The letter said the PBA has made “numerous complaints” to the borough regarding the issue, but “the borough has refused to take action to correct this problem.”

The PBA warns in the letter that the union “will be compelled to take all necessary and legitimate steps to protect the health and safety of the (PBA) members.”

Mets said the union has filed a grievance against the police department with the borough.

Nelson declined to comment on the letter, but referred all calls to the borough attorney, John Bruder, who said Dunellen officials are aware of the problems and are working with Piscataway to fix them.

Bruder said the borough can’t solve the issues with the radio system itself because, “it isn’t ours.”

“Borough representatives have continually tried to get the problems resolved,” he said. “We’re confident they will be resolved sooner rather than later. I have also reached out to the township attorney in Piscataway to discuss this.”

Bruder said the borough decided to go with Piscataway for its emergency radio system at the behest of the police department after they asked for a change.

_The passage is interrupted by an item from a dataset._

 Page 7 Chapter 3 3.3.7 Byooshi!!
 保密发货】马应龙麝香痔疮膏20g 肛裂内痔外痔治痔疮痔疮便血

He said members of the police and fire department did research on the radio equipment and came to the governing body, “requesting the town purchase these radios.”

But PBA leaders and Jonathan Scott, the borough’s fire chief, denied they ever recommended the Motorola system now in use.

“We recommended that the borough go with the Middlesex County radio system and we definitely did not recommend the Motorola radios,” Scott said.

He said when the department got the radios, “we did a field test and we found the dead zones.”

“Piscataway handles dispatching for the fire department, but we kept our old radio system and equipment for all other communications,” he said.

The borough mandated that police and rescue personnel use the Piscataway system, according to the PBA.

Piscataway Mayor Brian Wahler said the Dunellen emergency personnel signed off on the system after testing it several years ago so “they only have themselves to blame,” for the problems.

“Our agreement only calls for providing dispatch,” Wahler said, adding they (Dunellen officials) need expensive additional equipment to make everything work right. “They have to pony up some bucks,” he said.